Central African Republic has long been racked by revolts and mutinies and now has to deal with rebels and armed raiders spilling over from Chad and Sudan’s conflict-torn Darfur region, both of which it borders.

Tens of thousands of civilians have been driven from their homes in fighting between the army and ill-defined rebel groups and bandits who loot and burn villages in what aid workers have called one of Africa’s forgotten humanitarian crises.

Late last year, French Mirage fighters, helicopter gunships and special forces helped Central African Republic’s army to recapture a string of northeastern towns seized by rebels whom Bangui said were backed by Sudan. Khartoum denied this.

U.N. security experts are currently in the region evaluating an appeal from Bozize for U.N. peacekeepers to protect its borders and help prevent the Darfur conflict spreading.

Some U.N. officials have expressed reservations about deploying troops before political solutions to Central African Republic’s own domestic instability could be found.

Under Friday’s deal, brokered by Libyan leader Muammar Gaddafi in his hometown of Sirte, the government and the two rebel factions agreed to stop hostilities and allow the rebels to integrate the ranks of government security and military forces or public service administration.

"(Miskine) can return in complete tranquillity to take part in the effort to rebuild the country.

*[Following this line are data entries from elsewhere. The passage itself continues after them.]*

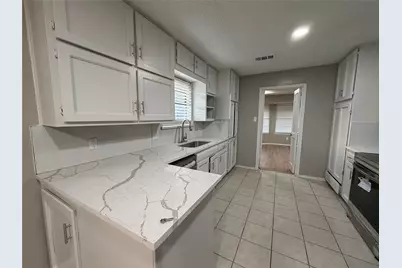 2606 Cloud Court, Arlington, TX 76017 - Photo 9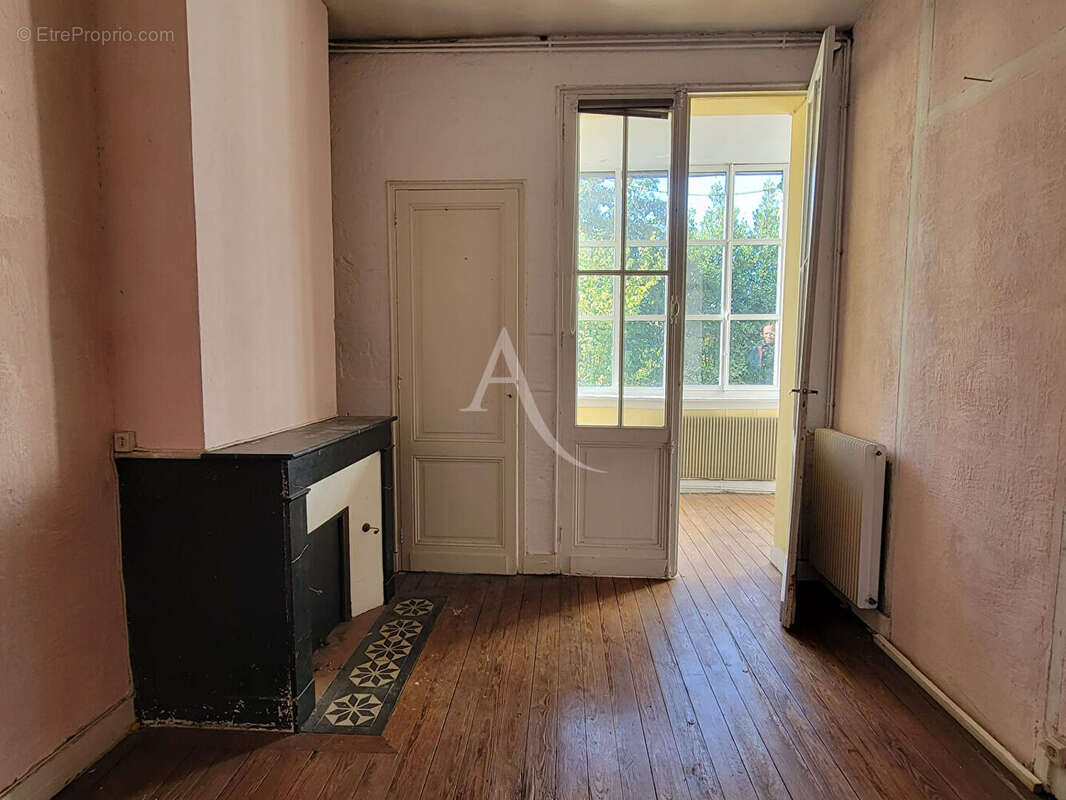 CAUDERAN PARC BORDELAIS - Maison à rénover 5 chambres - photo 11
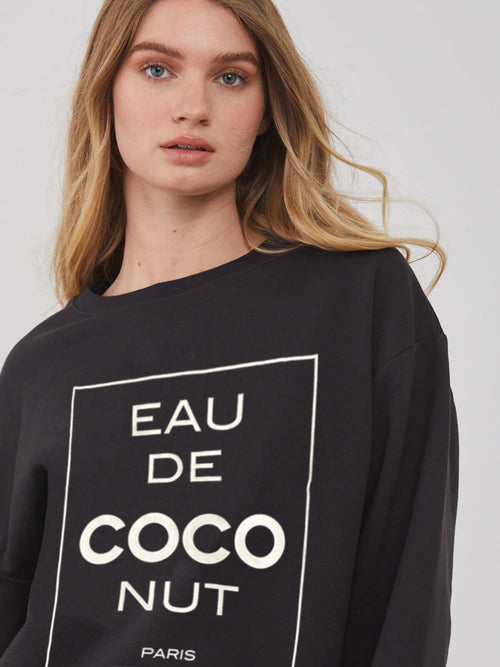 Alexa - Oversized Sweatshirt - Eau De Coconut - Black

The only advice I can give him is to work. To work purely for harmony and peace," Bozize said after the signing ceremony.

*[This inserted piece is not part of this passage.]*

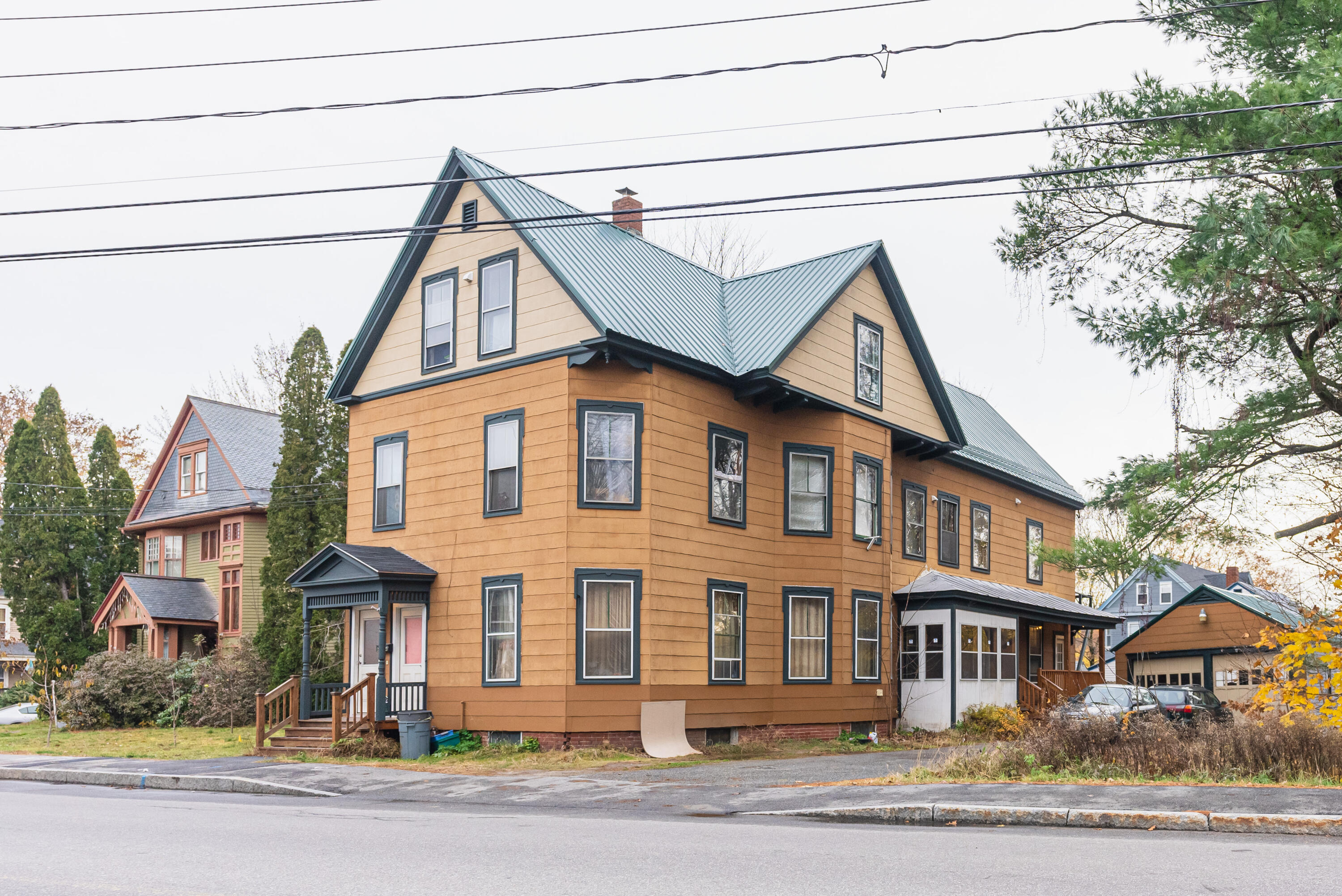 62 Dennison Street Auburn ME 04210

Miskine and Ringui Le Gaillard, the other rebel leader who signed the agreement, are viewed as associates of exiled former President Angel Felix Patasse, who after his 2003 overthrow by Bozize has been accused of trying to foment rebellion.

Patasse, who has lived in Togo since being ousted, said on Thursday he wanted to hold negotiations in person with Bozize to start a process of national reconciliation. The authorities in Bangui have not publicly responded to his call.